## Introduction:

Part-of-Speech (POS) tagging is an essential task in Natural Language Processing (NLP) that involves labeling words in a sentence with their corresponding grammatical roles, such as noun, verb, adjective, etc. Understanding the structure of a sentence through POS tags is crucial for various downstream tasks, including text analysis, syntactic parsing, and language modeling.

In this project, we aim to build a model that can accurately identify the parts of speech in a sentence.

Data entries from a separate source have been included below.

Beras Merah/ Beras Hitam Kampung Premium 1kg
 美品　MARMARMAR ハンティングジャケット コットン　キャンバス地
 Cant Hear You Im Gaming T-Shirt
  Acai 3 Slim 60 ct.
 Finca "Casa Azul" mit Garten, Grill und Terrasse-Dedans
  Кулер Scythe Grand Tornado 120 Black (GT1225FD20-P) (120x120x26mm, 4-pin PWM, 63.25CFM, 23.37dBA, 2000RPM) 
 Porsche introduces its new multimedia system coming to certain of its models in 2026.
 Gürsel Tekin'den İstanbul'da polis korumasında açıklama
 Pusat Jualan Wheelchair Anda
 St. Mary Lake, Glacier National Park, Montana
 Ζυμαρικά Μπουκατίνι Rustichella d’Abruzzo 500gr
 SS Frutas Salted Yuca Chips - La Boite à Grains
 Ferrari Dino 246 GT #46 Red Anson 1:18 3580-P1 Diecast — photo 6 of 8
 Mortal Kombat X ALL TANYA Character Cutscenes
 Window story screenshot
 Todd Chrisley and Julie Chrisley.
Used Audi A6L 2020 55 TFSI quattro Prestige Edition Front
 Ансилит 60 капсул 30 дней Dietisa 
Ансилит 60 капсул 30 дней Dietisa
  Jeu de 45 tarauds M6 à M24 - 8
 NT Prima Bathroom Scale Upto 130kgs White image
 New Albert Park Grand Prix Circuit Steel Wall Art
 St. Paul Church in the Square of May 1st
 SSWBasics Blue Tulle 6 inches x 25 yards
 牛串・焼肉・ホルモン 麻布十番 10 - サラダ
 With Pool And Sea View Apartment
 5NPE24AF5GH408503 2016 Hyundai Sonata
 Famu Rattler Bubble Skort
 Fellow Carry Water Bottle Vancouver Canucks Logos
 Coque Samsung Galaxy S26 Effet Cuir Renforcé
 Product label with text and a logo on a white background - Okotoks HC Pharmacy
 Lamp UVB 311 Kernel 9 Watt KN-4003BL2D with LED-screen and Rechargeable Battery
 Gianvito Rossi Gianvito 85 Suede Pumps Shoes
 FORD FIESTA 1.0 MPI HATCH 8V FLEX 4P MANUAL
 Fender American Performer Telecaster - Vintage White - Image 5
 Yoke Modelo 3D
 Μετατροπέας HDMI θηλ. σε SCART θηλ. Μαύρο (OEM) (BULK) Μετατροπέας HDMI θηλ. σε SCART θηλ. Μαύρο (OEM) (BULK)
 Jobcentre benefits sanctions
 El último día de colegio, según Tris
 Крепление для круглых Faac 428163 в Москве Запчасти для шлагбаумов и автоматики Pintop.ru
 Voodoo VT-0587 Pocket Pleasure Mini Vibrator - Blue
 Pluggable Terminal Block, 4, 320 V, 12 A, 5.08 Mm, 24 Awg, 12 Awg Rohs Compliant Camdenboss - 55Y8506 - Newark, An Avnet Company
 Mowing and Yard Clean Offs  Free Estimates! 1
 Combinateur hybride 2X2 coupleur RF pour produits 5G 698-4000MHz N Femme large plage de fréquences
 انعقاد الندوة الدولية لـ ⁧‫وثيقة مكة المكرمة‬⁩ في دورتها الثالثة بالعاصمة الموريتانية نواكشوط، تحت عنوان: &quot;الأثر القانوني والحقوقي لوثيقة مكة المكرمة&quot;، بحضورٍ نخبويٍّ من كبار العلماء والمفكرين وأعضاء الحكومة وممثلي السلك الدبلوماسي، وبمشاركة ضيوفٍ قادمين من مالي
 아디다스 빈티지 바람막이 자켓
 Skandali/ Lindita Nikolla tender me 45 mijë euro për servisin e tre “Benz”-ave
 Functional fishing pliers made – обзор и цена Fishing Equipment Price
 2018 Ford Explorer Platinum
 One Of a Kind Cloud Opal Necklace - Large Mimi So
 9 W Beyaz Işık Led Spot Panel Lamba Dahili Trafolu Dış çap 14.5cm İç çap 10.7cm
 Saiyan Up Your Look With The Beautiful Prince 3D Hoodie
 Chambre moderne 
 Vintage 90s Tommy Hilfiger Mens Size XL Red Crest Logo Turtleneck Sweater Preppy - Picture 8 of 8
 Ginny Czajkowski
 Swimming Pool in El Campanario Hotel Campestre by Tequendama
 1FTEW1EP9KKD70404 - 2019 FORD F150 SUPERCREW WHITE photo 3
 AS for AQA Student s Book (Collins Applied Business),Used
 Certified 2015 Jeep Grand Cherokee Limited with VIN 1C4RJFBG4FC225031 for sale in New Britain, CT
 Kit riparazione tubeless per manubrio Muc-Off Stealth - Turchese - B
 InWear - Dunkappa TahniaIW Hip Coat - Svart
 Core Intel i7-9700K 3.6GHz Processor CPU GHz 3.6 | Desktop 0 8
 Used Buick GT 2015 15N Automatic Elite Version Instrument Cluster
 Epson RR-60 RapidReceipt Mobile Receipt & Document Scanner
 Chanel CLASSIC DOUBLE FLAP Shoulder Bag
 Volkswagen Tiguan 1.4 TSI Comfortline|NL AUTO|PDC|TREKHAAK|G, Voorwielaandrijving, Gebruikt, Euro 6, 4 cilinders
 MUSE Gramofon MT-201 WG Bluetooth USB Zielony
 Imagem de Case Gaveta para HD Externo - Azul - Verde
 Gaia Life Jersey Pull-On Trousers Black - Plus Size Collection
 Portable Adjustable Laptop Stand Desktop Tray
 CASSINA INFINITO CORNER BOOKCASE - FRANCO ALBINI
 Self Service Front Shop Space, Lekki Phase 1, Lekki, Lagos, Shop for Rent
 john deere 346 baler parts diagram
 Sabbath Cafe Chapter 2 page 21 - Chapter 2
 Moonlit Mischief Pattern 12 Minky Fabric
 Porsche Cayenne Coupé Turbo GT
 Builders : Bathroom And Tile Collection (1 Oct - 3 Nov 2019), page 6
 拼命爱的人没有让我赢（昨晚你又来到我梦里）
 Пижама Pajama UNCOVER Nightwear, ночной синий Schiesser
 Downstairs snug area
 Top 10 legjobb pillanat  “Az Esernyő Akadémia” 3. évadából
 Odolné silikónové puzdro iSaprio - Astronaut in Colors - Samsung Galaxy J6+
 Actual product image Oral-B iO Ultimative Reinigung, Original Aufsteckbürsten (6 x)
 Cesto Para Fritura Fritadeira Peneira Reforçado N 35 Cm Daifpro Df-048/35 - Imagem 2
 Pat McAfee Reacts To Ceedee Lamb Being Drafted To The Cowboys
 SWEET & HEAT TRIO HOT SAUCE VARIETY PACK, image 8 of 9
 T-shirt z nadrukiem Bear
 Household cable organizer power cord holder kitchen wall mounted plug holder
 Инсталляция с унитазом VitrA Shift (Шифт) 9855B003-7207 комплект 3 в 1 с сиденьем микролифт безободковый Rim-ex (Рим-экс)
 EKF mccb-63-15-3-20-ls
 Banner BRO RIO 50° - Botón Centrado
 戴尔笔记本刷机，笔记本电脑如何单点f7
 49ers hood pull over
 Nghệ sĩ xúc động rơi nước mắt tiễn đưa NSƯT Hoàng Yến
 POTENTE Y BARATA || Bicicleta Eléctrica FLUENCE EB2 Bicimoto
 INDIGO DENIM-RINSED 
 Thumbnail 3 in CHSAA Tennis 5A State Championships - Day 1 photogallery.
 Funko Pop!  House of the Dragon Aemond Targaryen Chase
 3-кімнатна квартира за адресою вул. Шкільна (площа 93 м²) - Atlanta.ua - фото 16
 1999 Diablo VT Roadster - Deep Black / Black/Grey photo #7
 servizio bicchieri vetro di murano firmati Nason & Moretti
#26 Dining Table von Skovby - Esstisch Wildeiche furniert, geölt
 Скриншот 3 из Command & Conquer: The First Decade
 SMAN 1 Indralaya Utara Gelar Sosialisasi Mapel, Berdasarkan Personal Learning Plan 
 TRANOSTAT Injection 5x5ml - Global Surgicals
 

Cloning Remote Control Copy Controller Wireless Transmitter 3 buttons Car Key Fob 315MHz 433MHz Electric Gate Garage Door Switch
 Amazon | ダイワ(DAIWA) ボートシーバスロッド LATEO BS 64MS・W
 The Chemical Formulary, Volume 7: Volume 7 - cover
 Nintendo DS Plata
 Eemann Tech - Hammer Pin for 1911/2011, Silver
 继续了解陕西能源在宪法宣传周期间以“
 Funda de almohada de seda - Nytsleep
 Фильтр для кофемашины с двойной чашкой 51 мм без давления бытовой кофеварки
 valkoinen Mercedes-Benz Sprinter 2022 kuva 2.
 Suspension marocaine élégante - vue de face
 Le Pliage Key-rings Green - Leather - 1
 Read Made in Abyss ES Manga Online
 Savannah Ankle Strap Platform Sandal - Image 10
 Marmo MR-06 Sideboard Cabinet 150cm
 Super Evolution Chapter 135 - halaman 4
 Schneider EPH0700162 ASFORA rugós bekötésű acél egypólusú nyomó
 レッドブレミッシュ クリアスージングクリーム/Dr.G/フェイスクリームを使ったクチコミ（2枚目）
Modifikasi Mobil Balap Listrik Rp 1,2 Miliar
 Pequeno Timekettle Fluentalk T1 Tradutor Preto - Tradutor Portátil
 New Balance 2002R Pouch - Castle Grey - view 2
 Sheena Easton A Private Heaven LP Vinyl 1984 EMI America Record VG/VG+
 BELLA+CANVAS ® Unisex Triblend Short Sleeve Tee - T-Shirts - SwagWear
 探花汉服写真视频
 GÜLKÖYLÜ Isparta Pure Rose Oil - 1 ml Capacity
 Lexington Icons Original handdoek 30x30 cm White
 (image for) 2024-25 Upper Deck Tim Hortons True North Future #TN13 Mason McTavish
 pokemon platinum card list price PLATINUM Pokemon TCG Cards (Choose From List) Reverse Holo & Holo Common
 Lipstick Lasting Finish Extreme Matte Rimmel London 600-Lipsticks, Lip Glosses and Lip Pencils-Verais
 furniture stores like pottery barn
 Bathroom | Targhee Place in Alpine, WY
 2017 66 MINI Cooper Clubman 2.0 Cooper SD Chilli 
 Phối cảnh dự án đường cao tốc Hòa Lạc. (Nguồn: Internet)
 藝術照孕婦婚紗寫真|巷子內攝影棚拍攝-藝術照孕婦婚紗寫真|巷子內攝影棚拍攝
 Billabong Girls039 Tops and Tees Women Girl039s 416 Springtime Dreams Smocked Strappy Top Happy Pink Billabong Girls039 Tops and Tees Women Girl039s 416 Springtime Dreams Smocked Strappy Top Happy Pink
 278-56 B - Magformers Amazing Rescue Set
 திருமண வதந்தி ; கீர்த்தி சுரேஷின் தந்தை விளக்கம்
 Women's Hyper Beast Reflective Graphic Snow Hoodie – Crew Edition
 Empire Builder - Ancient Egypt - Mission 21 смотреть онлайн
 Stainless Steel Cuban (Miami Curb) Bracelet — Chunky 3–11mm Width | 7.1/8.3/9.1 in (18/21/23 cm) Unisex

Using the CoNLL-2003 dataset, we will not only recognize the basic POS tags but also explore more complex structures such as noun phrases (NP) and verb phrases (VP). The goal is to demonstrate how POS tagging can be leveraged to gain deeper insights into sentence structure and meaning.

This project is structured as follows:
1. **Data Preparation**: Loading and exploring the CoNLL-2003 dataset, and preprocessing it to extract POS tags and phrase structures.
2. **Model Training**: Building a model that identifies POS tags and phrase structures using advanced NLP techniques.
3. **Evaluation and Analysis**: Evaluating the model's performance in identifying POS tags and analyzing its predictions.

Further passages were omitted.